She has quit headingbutting me, sort of.  SHe will fake me out, getting up close and headbutting the air near my leg, but knows not to make contact with me.  She does headbutt the bucket some when she is feeding, but I take her food away from her for a few minutes when she does, so she is learning that headbutting has a negative reaction, and is doing it less and less.  You will have to reinforce it when you get home, but she is already much better about the headbutting.

As for the grain, lol.  We used up what you brought a couple days ago.  I had some here that needed to be used up, so we are finishing off my bag right now.  I will buy her some more grain if we use that up before you get back.  Right now, I am pretty much letting her have as much grain as she wants, within reason.  She is eating about a quart of grain a day right now, so I am putting in a quart and a half.  When she starts finishing the whole quart and a half, then I will up her to three quarts.  This way, she gets as much as she wants, with no drastic increases to upset her belly.  

I have been feeding her two quarts of milk at 10 am.  She then goes out to the pasture with her grain (the goats go to the brush pasture).  At about 4pm, I take up her grain and let the goats into the grassy field with her.  At 6pm, she goes into the stall with her grain, and I feed the goats.  At 10 pm, I feed her another two quarts of milk.

The bag that I am using was about half full, so it's only worth about 7$.  

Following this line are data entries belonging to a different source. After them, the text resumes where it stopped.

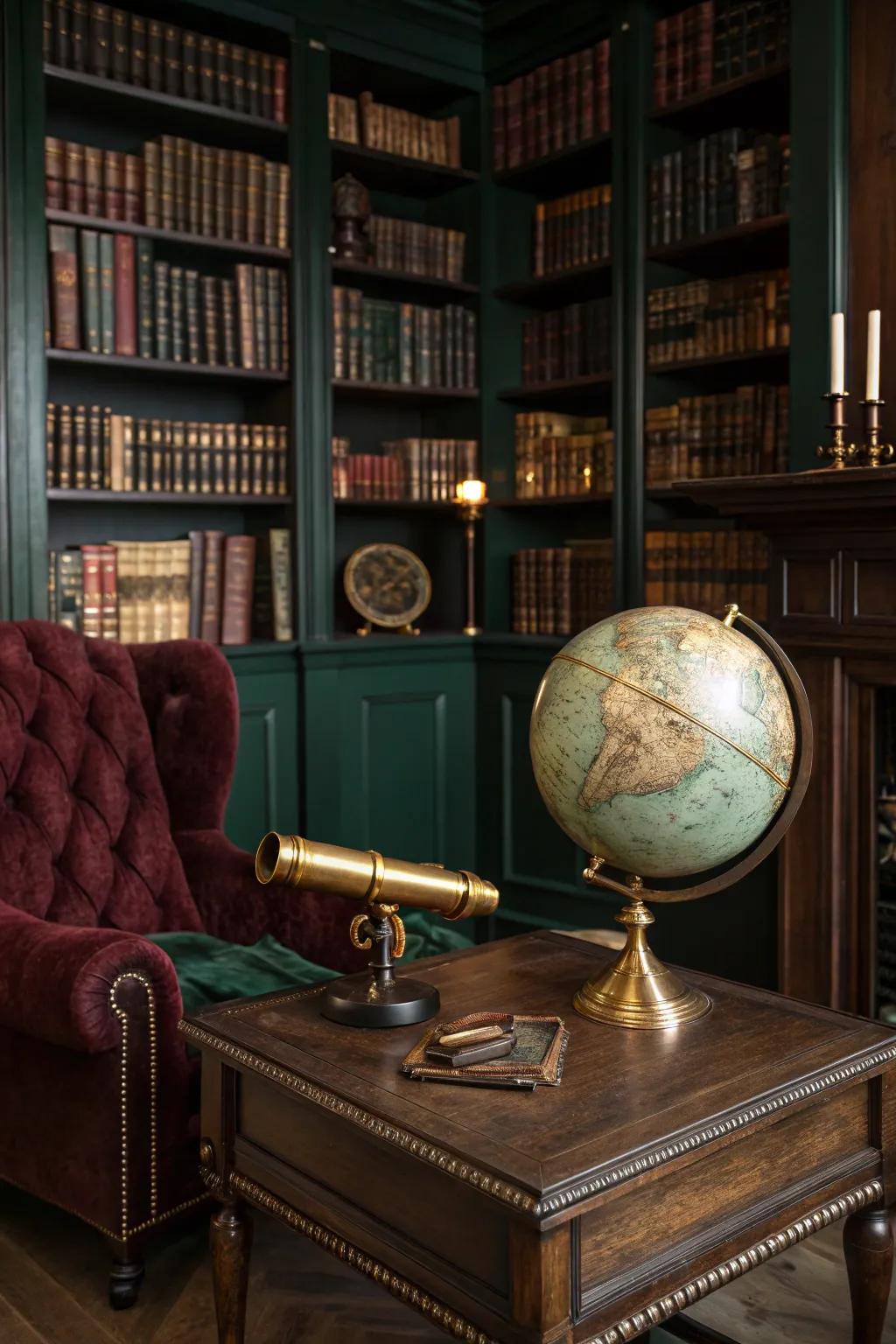 Escape into a world of imagination with a steampunk library filled with vintage charm.
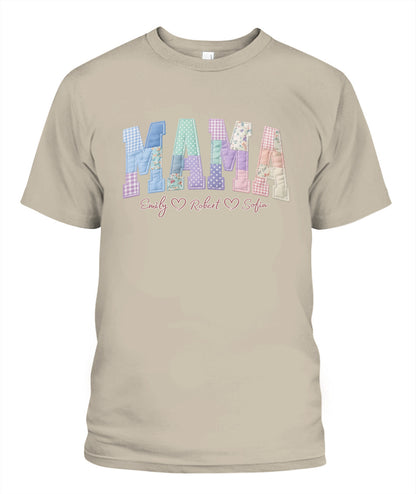 Personalized Mama Gigi Grandma Custom  Faux 3D Patchwork T-Shirt Sweatshirt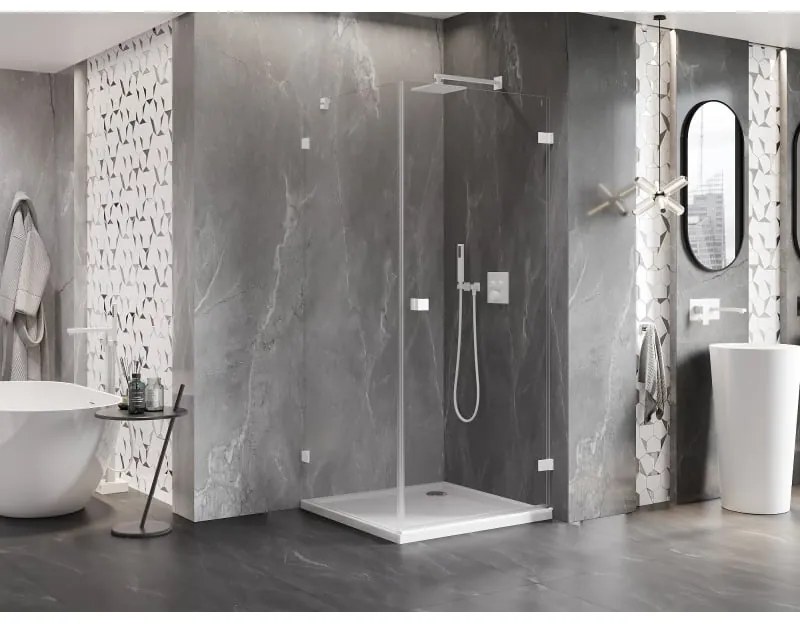 Mexen Lunar-B, pravostranný výklopný sprchový kút 70 x 70 cm, 8mm číre sklo, biely profil, 832-070-070-20-00-P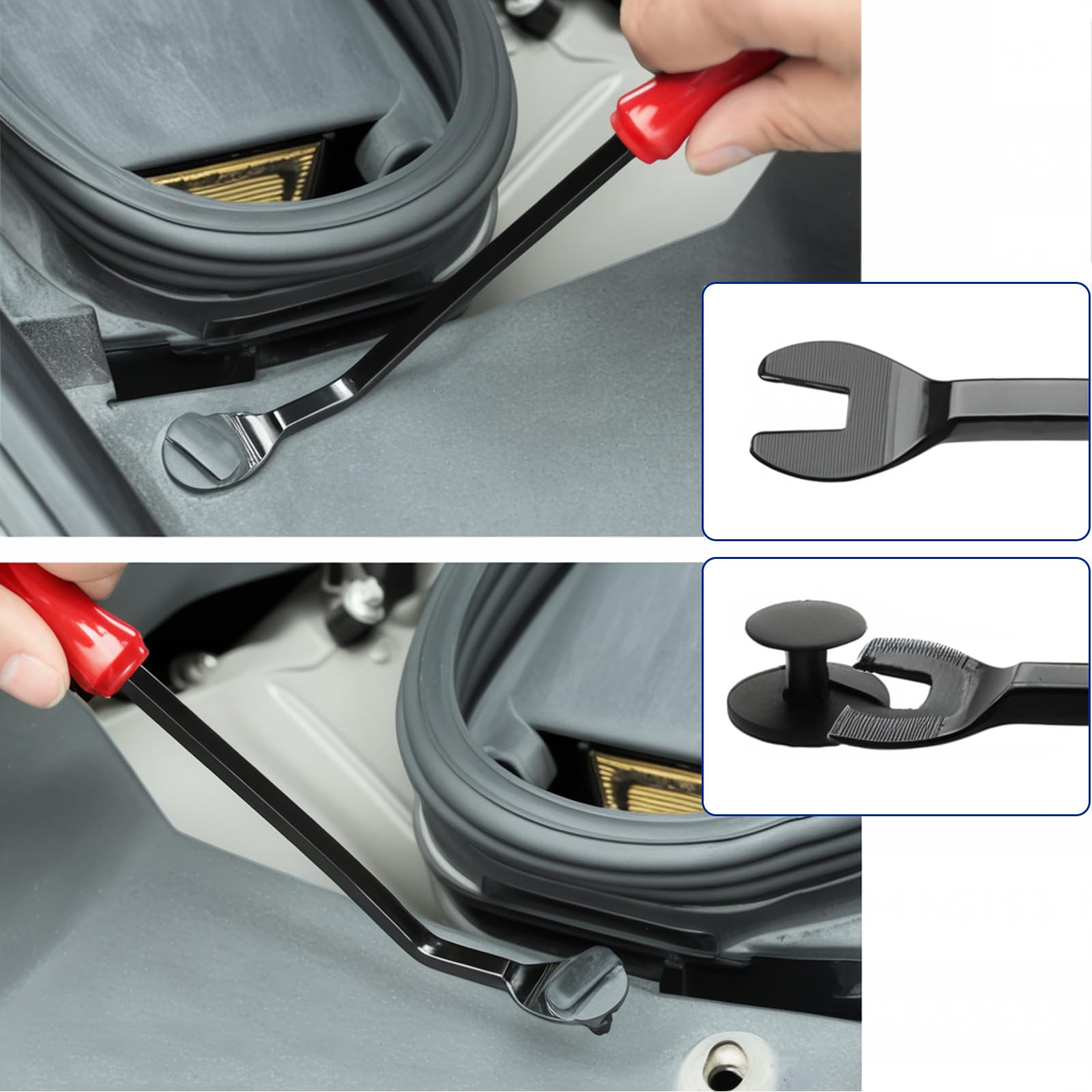 5-Piece Car Trim Removal Tool Kit - Auto Clip Pry Tool for Door, Dash & Dashboard Panel Fasteners - Upholstery & Body Repair Tools with Push Pin Puller (Red) - Perfect for DIY Auto Detailing & Interior Maintenance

Dont worry!  We are fine, and I am enjoying having her.  I showed her the magic hairbrush today............she likes getting brushed, lol.


----------



## redtailgal (Oct 16, 2011)

GEEZ LOUISE!

 Your calf was FULL of it this morning.

She drank her milk without butting at all (I was so proud of her).  Then I led her out to the pasture and she walked along like proper lady (I was even more proud of her).

Then I took the halter off and......

SHe let out a BELLOW and took off like she was a 2500lb rodeo bull.  She RAN as fast as she could around the pasture (five full laps), stopped to catch her breath and then BUCK the full length of the pasture and back (grunting the whole time).  She manage to run over Freezerburn, so he had to get up and chase her, which only agged her on..........and she had to chase HIM, lol.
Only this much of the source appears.